= Try it =
After finding the line with "10 عمارة غزال ايليت شقق عظم للبيع طولكرم" in the entries below, retype exactly each line from there through the line with "Fromm Gold Large Breed Adult 13.61KG", including that final line.

= Material for this task =
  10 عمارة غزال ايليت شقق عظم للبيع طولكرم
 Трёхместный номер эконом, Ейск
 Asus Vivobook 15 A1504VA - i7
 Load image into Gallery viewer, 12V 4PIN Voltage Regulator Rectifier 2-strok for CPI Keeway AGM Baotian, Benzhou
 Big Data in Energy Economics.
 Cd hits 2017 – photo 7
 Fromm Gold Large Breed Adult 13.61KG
...
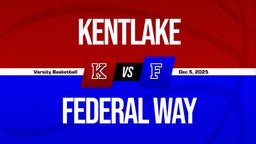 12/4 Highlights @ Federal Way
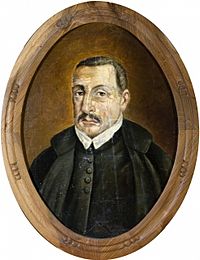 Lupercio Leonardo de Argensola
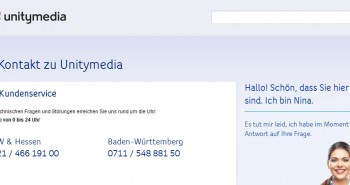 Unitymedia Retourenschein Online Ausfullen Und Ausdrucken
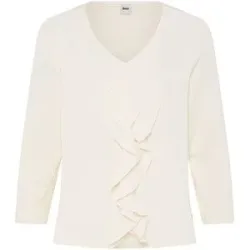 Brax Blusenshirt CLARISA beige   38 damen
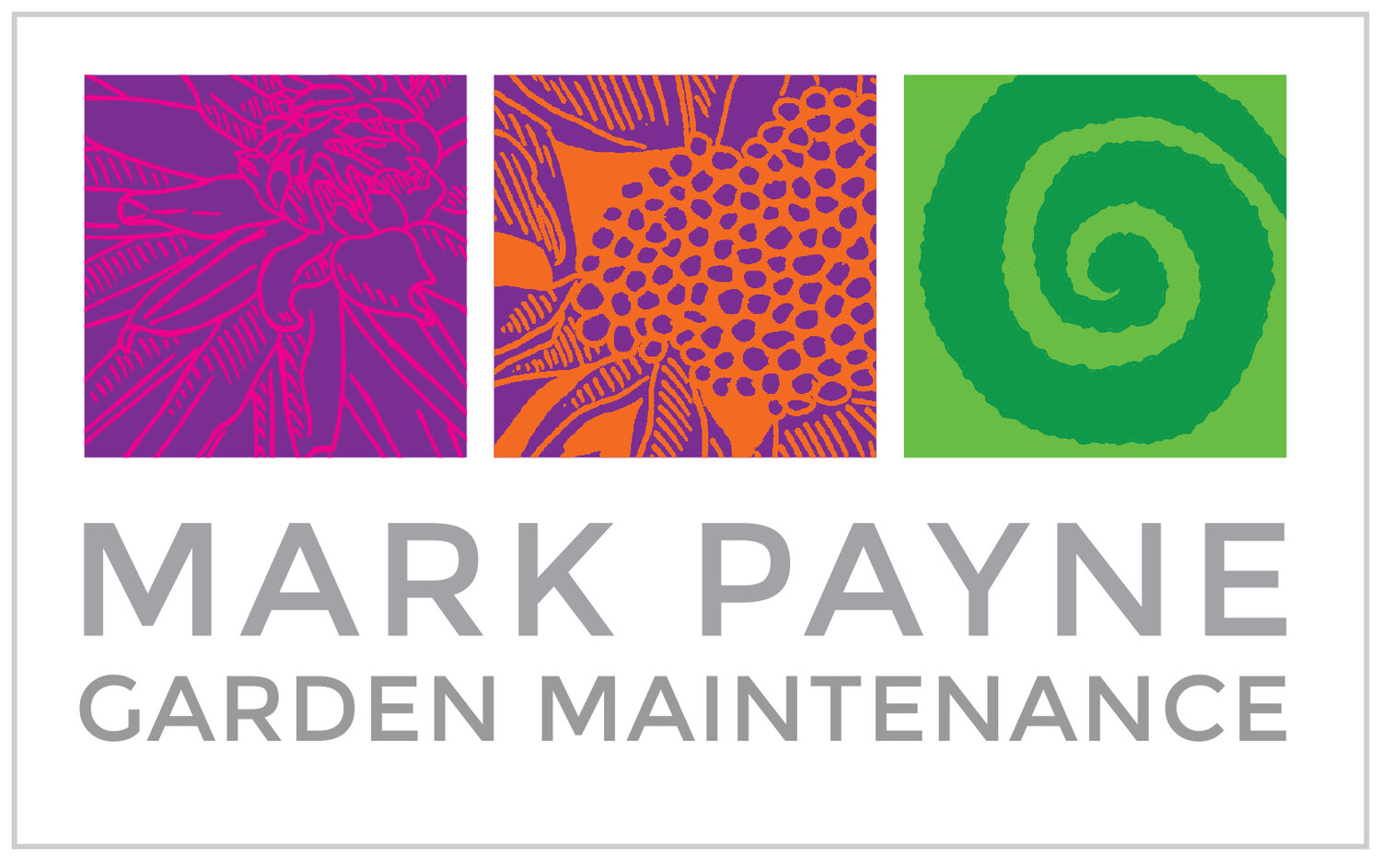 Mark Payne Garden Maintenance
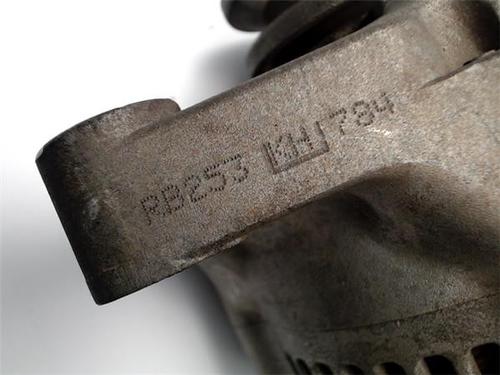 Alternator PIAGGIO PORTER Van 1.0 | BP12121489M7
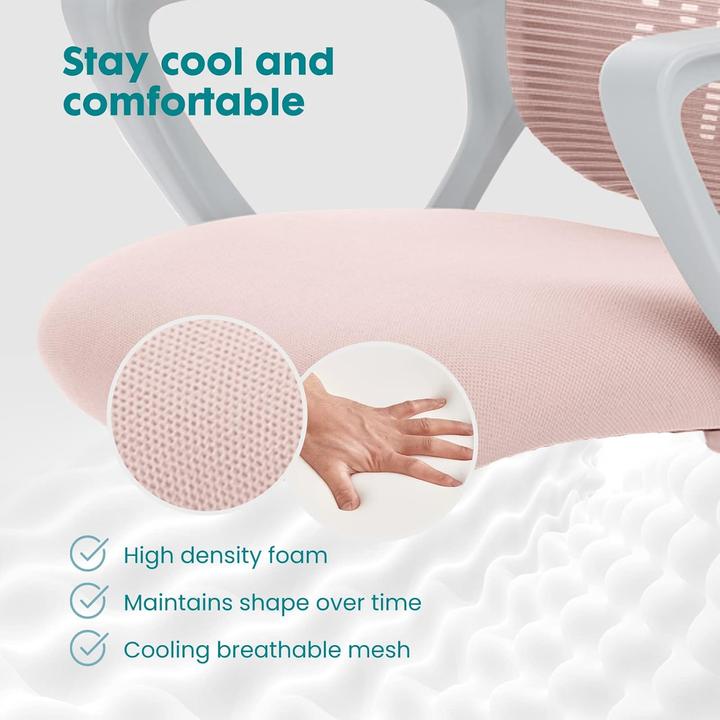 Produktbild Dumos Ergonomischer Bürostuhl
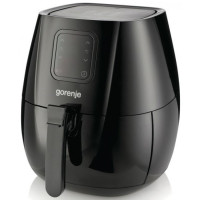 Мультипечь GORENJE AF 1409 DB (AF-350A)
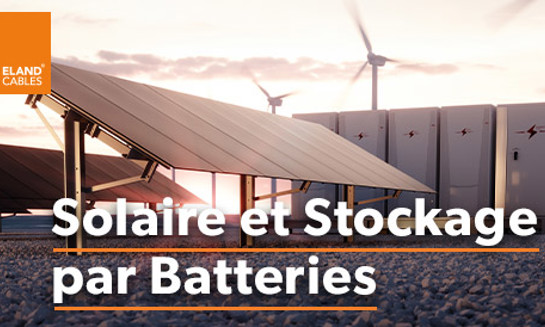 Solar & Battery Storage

= Response to this exercise =
  10 عمارة غزال ايليت شقق عظم للبيع طولكرم
 Трёхместный номер эконом, Ейск
 Asus Vivobook 15 A1504VA - i7
 Load image into Gallery viewer, 12V 4PIN Voltage Regulator Rectifier 2-strok for CPI Keeway AGM Baotian, Benzhou
 Big Data in Energy Economics.
 Cd hits 2017 – photo 7
 Fromm Gold Large Breed Adult 13.61KG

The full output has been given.